I was thrilled to find this on my “to taste” shelf when I got home from France—the winery had sent it to me for review in May, and I had not gotten around to reviewing it yet. The timing of my tasting could not have been better. I was entirely looking for something exactly like this bottle.

Here are my notes: “A wine with character, but not an over-abundance of it. Subtle ripe black fruit, with muted black pepper and spice; earthy, with a delightful ‘thwack’ on the finish.” (That thwack of course, is the brightness that comes with a little acidity, which makes so many Everyday French wines so perfect with food).

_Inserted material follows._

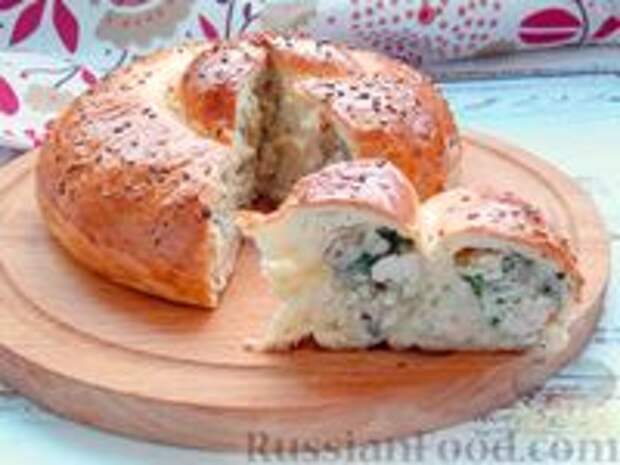 Фото к рецепту: Слоёный пирог "Улитка" с курицей и грибами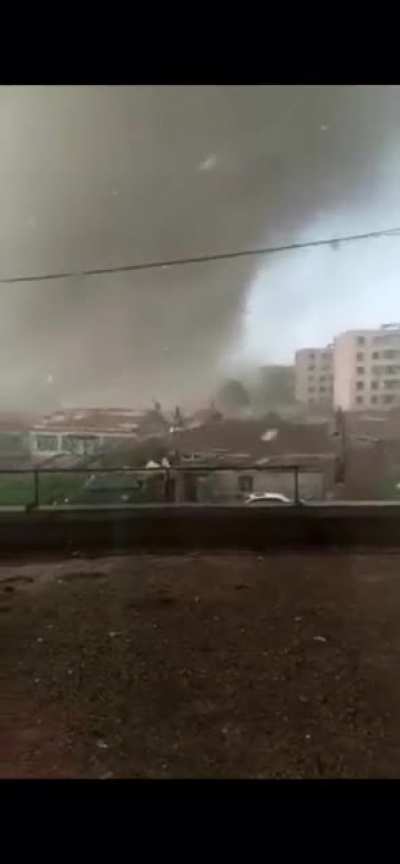 Recorded until the tornado was literally in the room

As a bonus, it’s 13% alcohol. That’s a lot lower than those 14.5% heavy-hitters that I have on my shelf—bottles that I just can’t seem to get excited about this summer.

What about you? Have you found any good-value French reds this summer? Do tell!

Disclosure: I was sent this wine free of charge for review purposes. I have not been compensated by the winery in any other way. Please keep mind mind that I would never recommend a wine that I would not purchase myself. In fact, I like this wine so much that, indeed, I’m ordering six bottles from my wine seller.